The church was designed by the Dublin-based architect George Frederick Hicks in Romanesque Revival style, using his characteristic red brick, and the builder was John Cleary of Charleville.

The church stands on a hill on the edge of Kilmallock, across the road from the Deebert Hotel (Photograph: Patrick Comerford, 2020)

The church is arranged on a traditional plan and is built using 20th century techniques and materials, particularly seen in the red brick exterior and the tower.

The church has a four-bay nave with gable-fronted transepts, a square-profile stepped two-stage tower at the west end and a canted chancel at the east end. The hipped and pitched slate roofs have a cast-iron finial and cast-iron rainwater goods. The hipped slate roof of the tower has a cast-iron weathervane.

The red brick garden bond walls have stepped consoles at the gable ends and raised panels at the tower, west, south and north sides. The round-headed openings have recessed brick surrounds, concrete sills and stained-glass windows. The round-headed opening at the south side of the tower has a raised brick surround and double-leaf timber panelled doors. The square-headed openings in the tower at the second stage have timber louvers and recessed brick surrounds.

There is another timber panelled door in the south transept.

The features that enhance the artistic design and quality of the church include the stained-glass windows. The East Window was moved here from Saint Munchin’s Church, Bruree, through the intervention of President Eamon de Valera, who was anxious to save it when the church in Bruree closed in 1969.

The church was designed by the Dublin-based architect George Frederick Hicks (1870-1965), who was born in Banbury, Oxfordshire, on 16 May 1870, the fourth son of Joseph Hicks, a linen draper, and his wife Mary.

Hicks was educated at Taunton School, received his architectural training at the London Architectural Association School and Finsbury Technical College, and in 1886 became an articled pupil of John William Stevens of London.

He moved to Dublin in 1890 at the age of 20 to join the office of James Rawson Carroll, where Frederick Batchelor was then the chief assistant. He later worked in the offices of William Henry Byrne and of Thomas Drew before setting up his own practice in Dublin in 1895. He worked from 5 Saint Stephen’s Green (1898) and at 28 South Frederick Street and 35a Kildare Street (1900-1903).

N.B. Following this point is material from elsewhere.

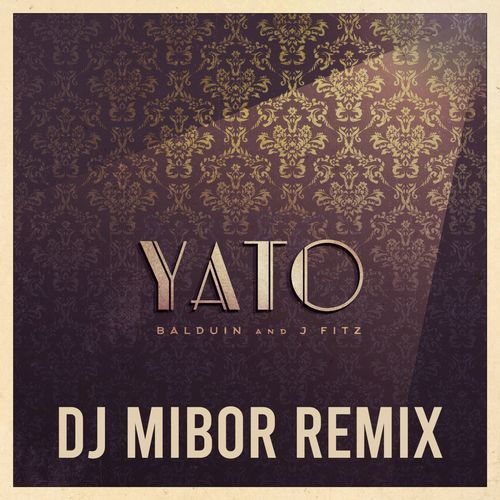 YATO (DJ Mibor Remix)_poster_image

Hicks formed a new partnership with Frederick Batchelor at 86 Merrion Square in 1905, and the Batchelor and Hicks partnership lasted until 1922, when Batchelor retired. Hicks continued to work from Merrion Square until he retired in 1945, when he sold the practice to his assistant, Alan Hope.

Hicks also designed Saint Thomas’s Church on Cathal Brugha Street, Dublin (1929-1932), built in the Lombardic Romanesque style to replace a church on Marlborough Street that was destroyed by fire in 1922. For this church, Hicks was awarded the first Triennial Gold Medal of the RIAI in 1932.

The church in Kilmallock was designed by Hicks in the Romanesque Revival style, using his characteristic red brick (Photograph: Patrick Comerford, 2020)

I find an interesting similarity between Hicks’s churches in Dublin and Kilmallock, and the Church of the Resurrection in Bucharest, designed in English redbrick by the Romanian the architect Victor Stephanescu.

Other works by Hicks include the Carnegie Library and Technical Institute in Rathmines (1905-1913), the War Memorial in All Saints’ Church, Grangegorman, 73 houses in East Wall (1925-1926), a housing scheme of 428 houses in Marino (1919-1925), and Mount Pleasant Buildings and Hollyfield Buildings in Rathmines (1930). For many years, he was architect to the Association for the Housing of the Very Poor and the Saint Barnabas Public Utility Society.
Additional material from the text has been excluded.